Marshall’s lunch is packed in small containers and stored inside a black lunchbox, without a freezer pack.

“I once used freezer packs in Marshal’s lunch and it did not make his drinks or food any colder,” Palmer said. “There is nothing in is lunch that needs to be refrigerated, so personally we just don’t do it anymore.”

Susan Cottongim, a registered dietician, said that studies show time and temperature are important factors for bacterial growth in food.

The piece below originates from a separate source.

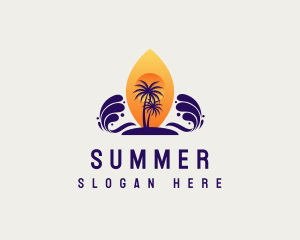 Surfboard Summer Resort logo design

Kids’ lunches can sit in school bags for up to five hours from when the food is prepared to when it is eaten at lunch.

“There is no telling what’s lurking in that box if it’s not cleaned properly each time it is brought home from school,” Cottongim said.

Megan and Marshall’s lunchboxes were brought to the University of Maryland Eastern Shore’s Food Science and Technology Center to be tested. Forty-eight hours later, Dr. Salina Parveen and her assistant, Chanelle White, provided the results.

“We tested for total bacteria and E. coli,” Parveen said.

“Luckily there were no harmful bacteria,” White added. “We did not find any E. coli. However, we did find that the blue lunch box that had an ice pack had more total bacteria than the black lunch box.”

Conventional wisdom would have led one to believe that the lunch box with a freezer pack would have fewer bacteria than the one without. Parveen suggests parents should talk with their children about proper hygiene and wash their lunch boxes every week. She said dirty lunch boxes are an ideal breeding ground for bacteria.

“We recommend that parents clean out their child’s lunch boxes regularly with antibacterial cleaner,” Parveen said.

After finding out the results of the UMES testing, Waller said, “I will definitely pay attention to how I wash things and pack them.”